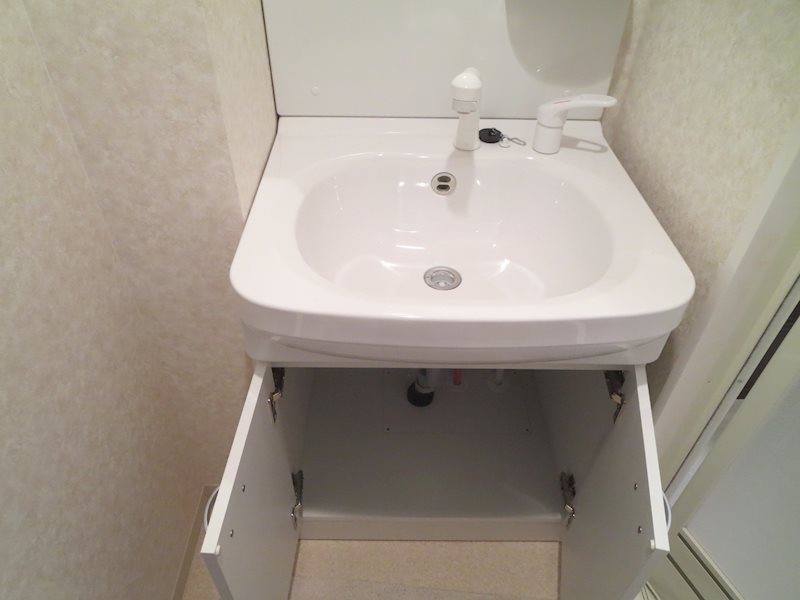 Luxe難波西Ⅱ その他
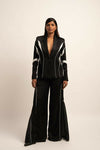 THE MORPHIC MIRAGE BLAZER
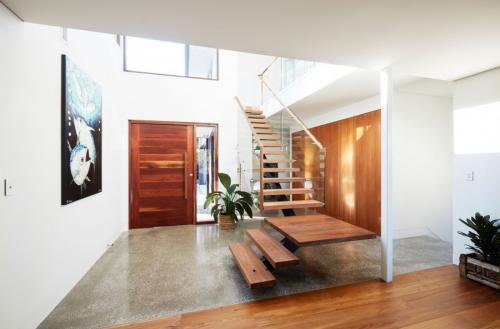 Второй этаж построить. Порядок проведения строительных работ 13 Второй этаж построить. Порядок проведения строительных работ 13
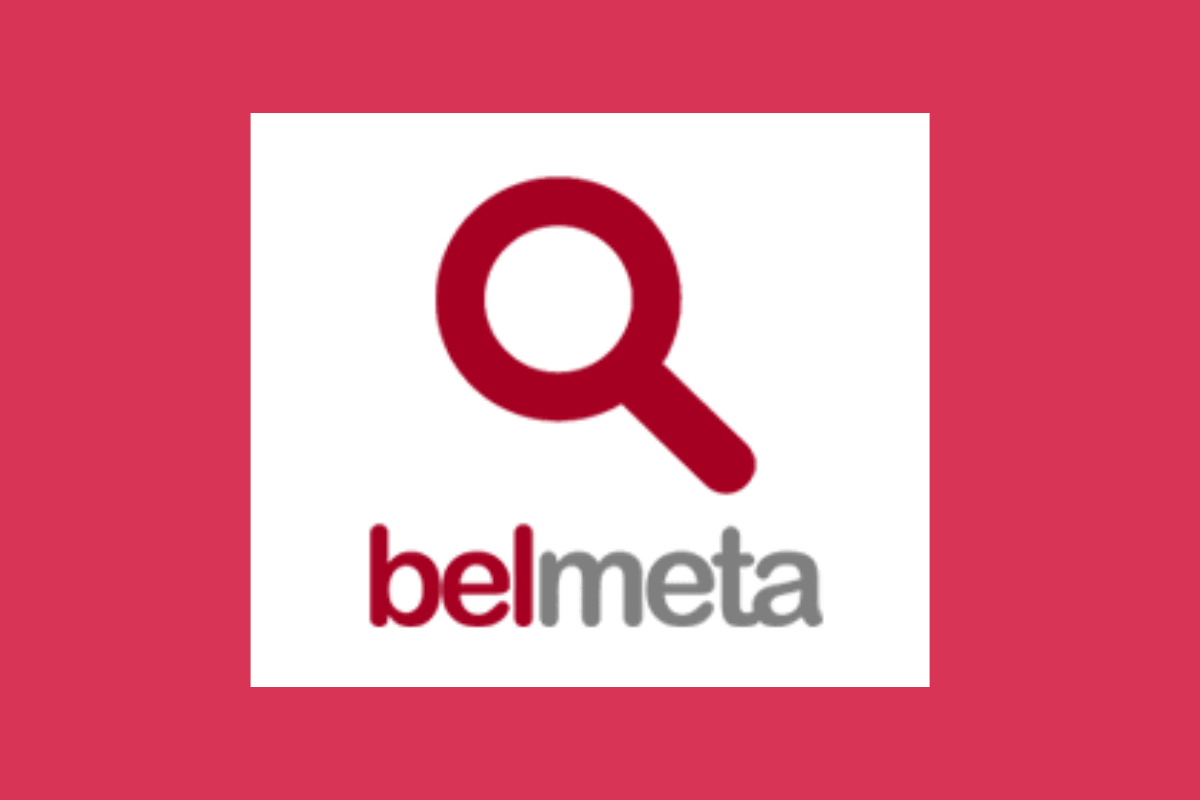 Belmeta.com - сайт для поиска работы в Беларуси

• _How to complete this task_: Images are to be omitted; repeat the remaining data above exactly.

• _Answer to the problem_:
 Luxe難波西Ⅱ その他
 THE MORPHIC MIRAGE BLAZER
 Второй этаж построить. Порядок проведения строительных работ 13 Второй этаж построить. Порядок проведения строительных работ 13
 Belmeta.com - сайт для поиска работы в Беларуси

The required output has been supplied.